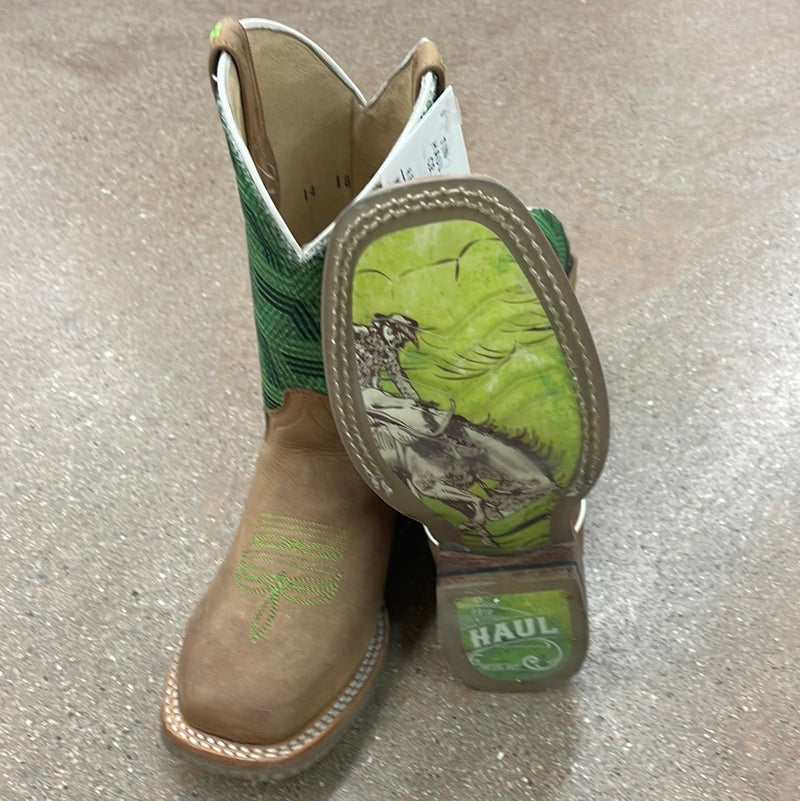 CL09-018-0200-0003-13-JohnDGrn Childrens Tin Haul Cowboy Boots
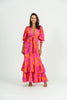 Caryota Maxi Dress video showcasing elegant puff sleeves, cutout waist, and mermaid-style skirt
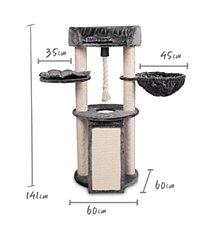 Kazoo Kitty Scratch & Sleep Cream & Charcoal Cat Scratch Post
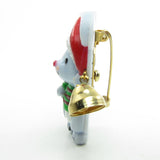 Hallmark mouse in santa hat with jingle bell lapel pin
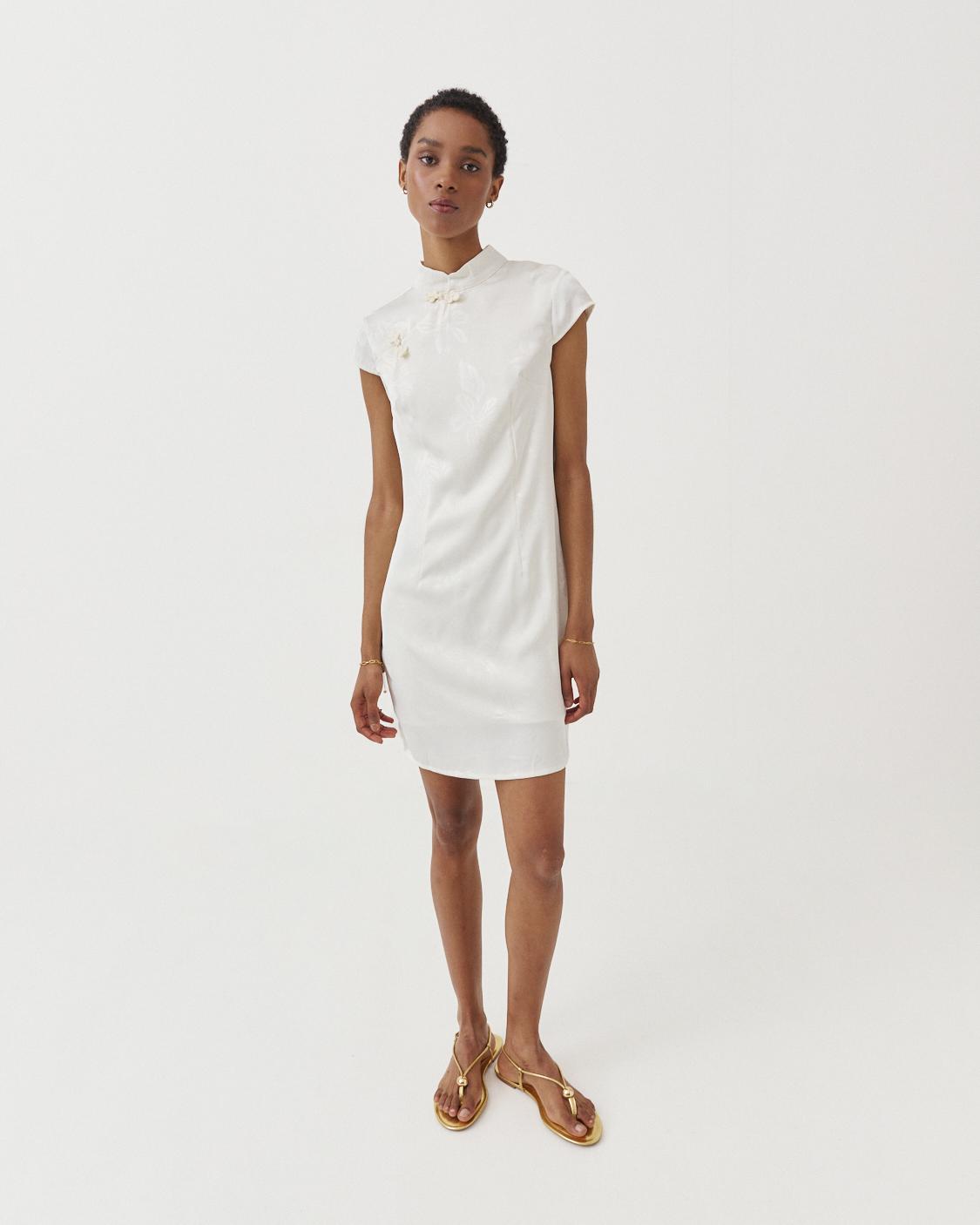 VESTIDO QIPAO CORTO JACQUARD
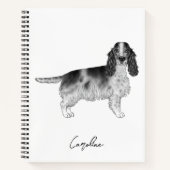 Cocker Spaniel in zwart en wit & aangepaste tekst Notitieboek (Voorkant)
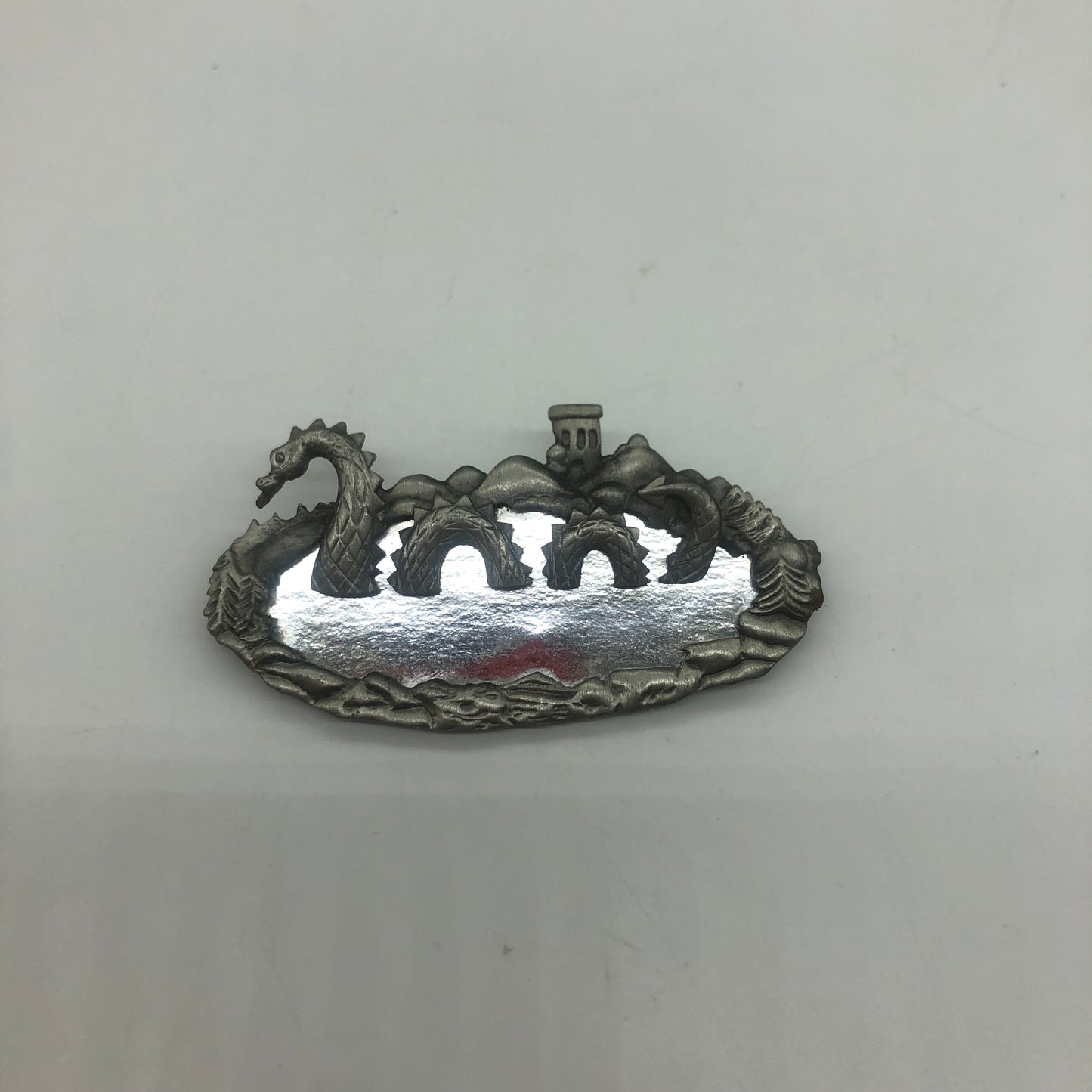 American Jewelry Chain Company Loch Ness Mirror Brooch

▶ _Assignment_:
Everything from the line with "VESTIDO QIPAO CORTO JACQUARD" through the end of the records is to be repeated exactly. The pictures are not.

▶ _Result of this task_:
 VESTIDO QIPAO CORTO JACQUARD
 Cocker Spaniel in zwart en wit & aangepaste tekst Notitieboek (Voorkant)
 American Jewelry Chain Company Loch Ness Mirror Brooch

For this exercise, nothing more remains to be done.